Nearing the last row on my laminate flooring, Im not exactly sure what type of molding to use to cover the gap between the floor and this metal plate thing on the door entrance. The flooring is going to slide under the white casing that you see so whatever molding is used will have to end there. What would work best and look best? Thanks!


----------



## Jaz (Oct 18, 2010)

Google Image Result for http://images.ifloor.com/products/1787543/ifloor_trans-70-75x75-se-5x5/300x300q75.jpg

It's called a threshold, the minor details may vary a bit.  It should be available in the color you bought, made by the same company.  The straight edge goes against the solid object, you pre-drill and nail into floor.  The laminate goes under this threshold leaving at least 1/4"-1/2" for expansion.  Of course it comes in thicknesses to match your application.

Jaz


----------



## DrHicks (Oct 19, 2010)

What Jaz said...


Hey - your comment, "The flooring is going to slide under the white casing that you see..." caught my eye.  
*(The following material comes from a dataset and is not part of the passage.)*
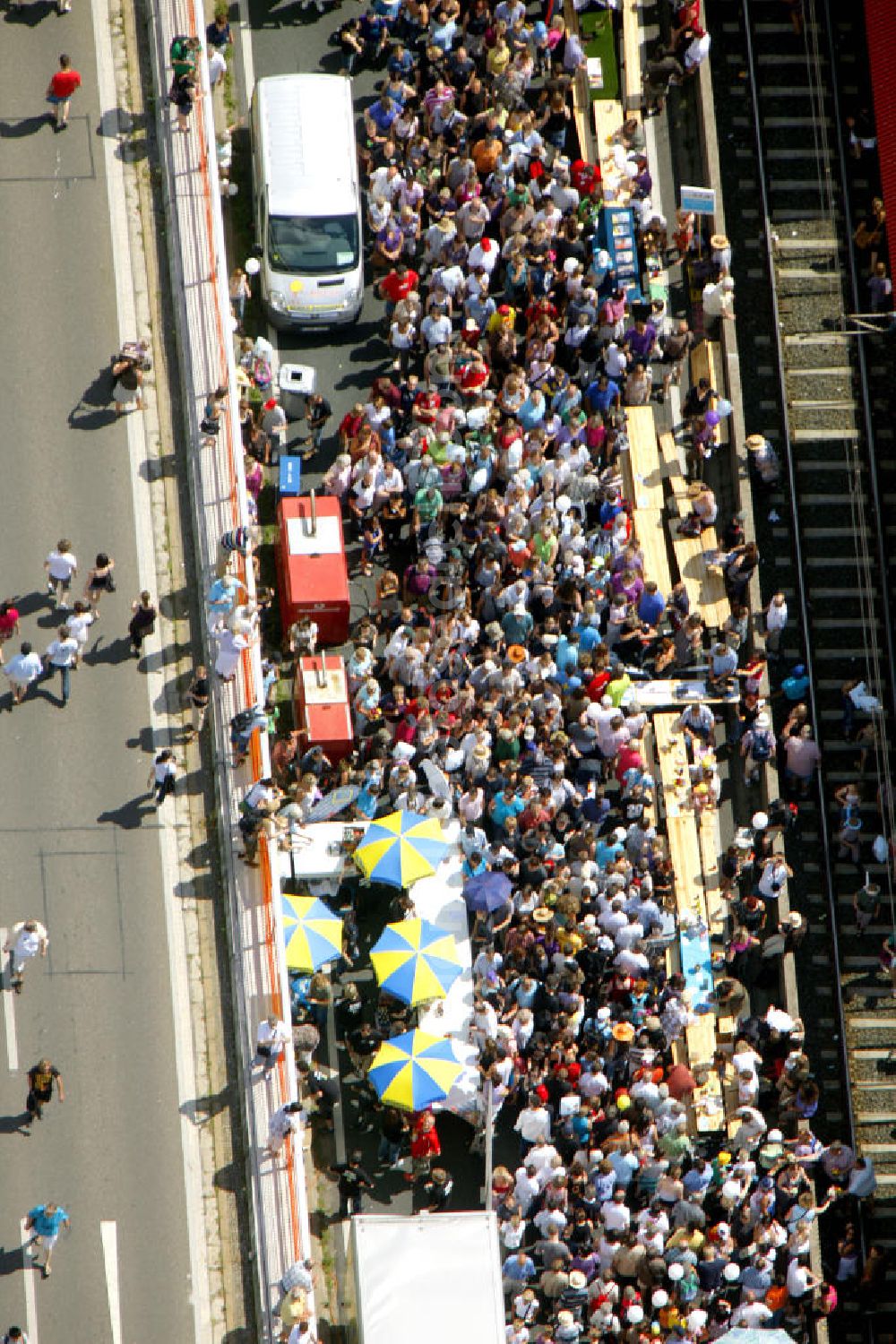 Essen from above - Blick auf die Autobahn A40 am Ruhrschnellweg über Besucher der Aktion auf der A40 bei Dortmund. Der Autobahnbereich ist komplett gesperrt für die Aktion „ Still-Leben “ der Kulturhauptstadt RUHR 2010 statt. Auf einer Strecke von fast 60 Kilometern bilden 20.000 Tische die nach Angaben der Veranstalter laengste Tafel der Welt. Visitors to the campaign at the highway A40 in Essen. The highway section is completely closed to the action Still-life of the Ruhr Culture 2010. On a stretch of nearly 60 kilometers form the longest 20 000 tables, according to the organizer panel in the world.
Are you sure that's going to work?  It looks like that edge of the laminate will be "coming down".  Do you have that much movement in your floor, so that you can slide the entire thing that way?

Usually the floor moulding and/or quarter-round toe-kick are installed after the laminate flooring.


----------



## jayrod (Oct 19, 2010)

^Yes it will slide under the casing. Ive done it in all the rooms so far. The quarter round or toe kick could go there but It will be sitting higher than the metal plate. Im afraid the threshold mentioned by Jaz will even sit too high causing a trip hazard. The molding that I use will need to be about half as tall as normal shoe molding.


----------



## Jaz (Oct 19, 2010)

What's a toe kick?  Do you mean the base board?  
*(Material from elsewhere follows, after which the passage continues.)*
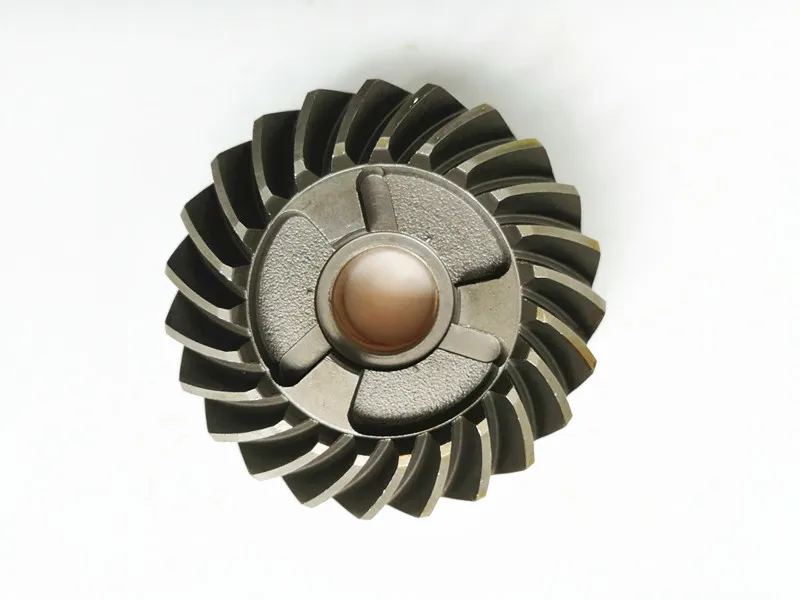 Передняя шестерня подходит для подвесных двигателей SUZUKI DF / DT 35 40 лошадиных сил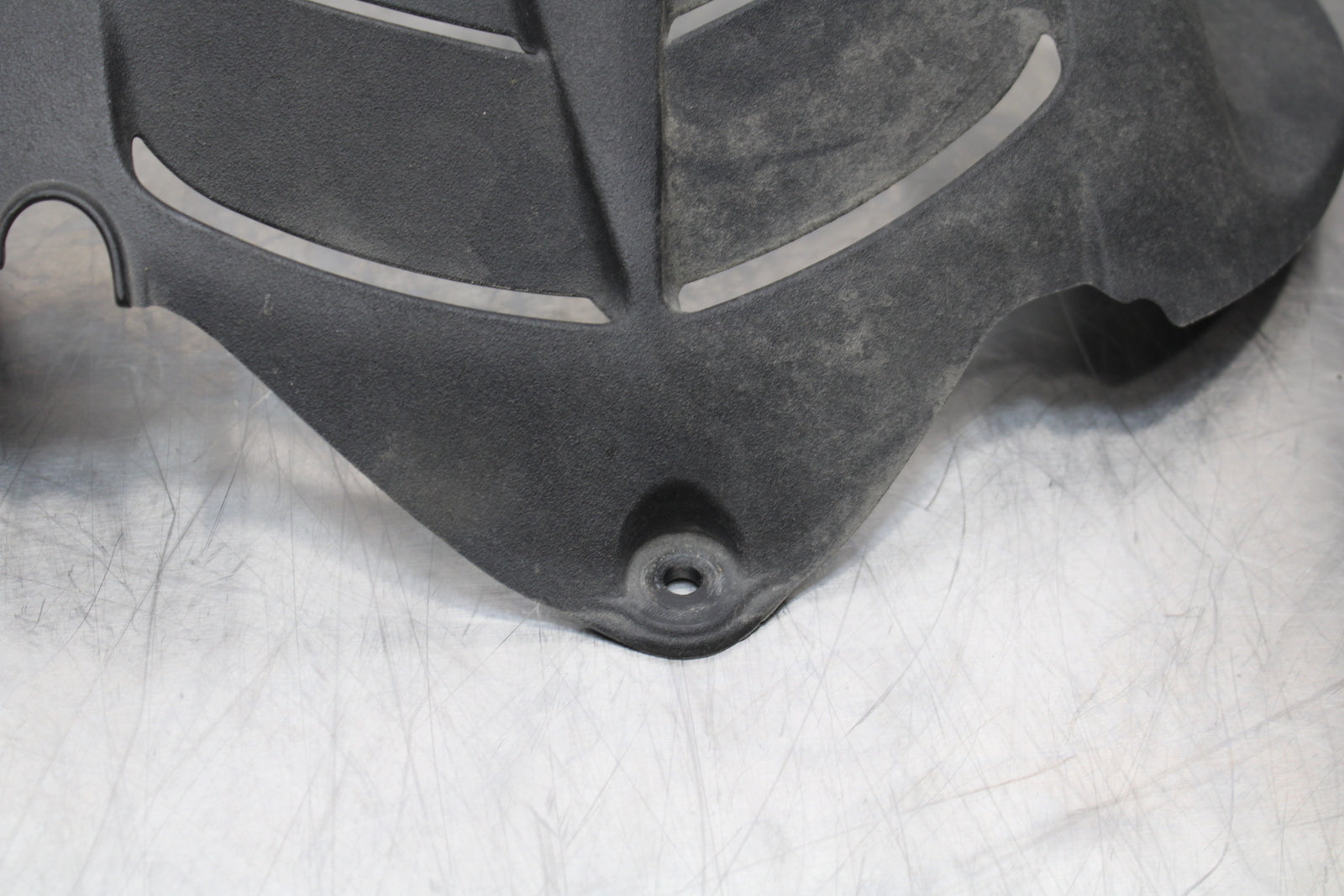 13-18 KAWASAKI NINJA ZX6R REAR BACK WHEEL TIRE HUGGER FENDER BB143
The threshold I linked to is made for 3/8" engineered hardwood, the one to match your laminate is likely thinner.  But even if it isn't, you'll notice the bevel cut to accommodate that.  People will not trip over it, they'll get used to it.  Anything under an inch is not too much.  
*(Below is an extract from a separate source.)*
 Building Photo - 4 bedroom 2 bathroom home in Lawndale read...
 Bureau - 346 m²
The only other way is to change that metal threshold to something beveled or cut the laminate 1/4" short and caulk the gap.  

Jaz


----------



## DrHicks (Oct 20, 2010)

^ Sorry.  Toe Kick must be a redneck reference to the Quarter Round often attached to the baseboard.

Me is not very sophistimucated.


----------



## Dragerman (Dec 22, 2010)

Why would you use laminate flooring in the entrance to your house???  I would have used something more weather proof like tile or vinal.


----------



## jayrod (Dec 22, 2010)

Its a bedroom. The house has 5 entrances. Its a big house. No one ever goes in or out this way hardly.


----------



## Dragerman (Dec 23, 2010)

Looks good!!  I wasn't trying to sound too critical but I have seen what happens to laminate over time in an entrance way.


----------



## granite-girl (Dec 28, 2010)

Me too, laminate at a back door in the winter is STUPID !  I should know... but hopefully you won't have that problem if it's not used.  Why do you need any molding there ?  won't the laminate just go right under it ? Looks like there's not much room for anything else.


----------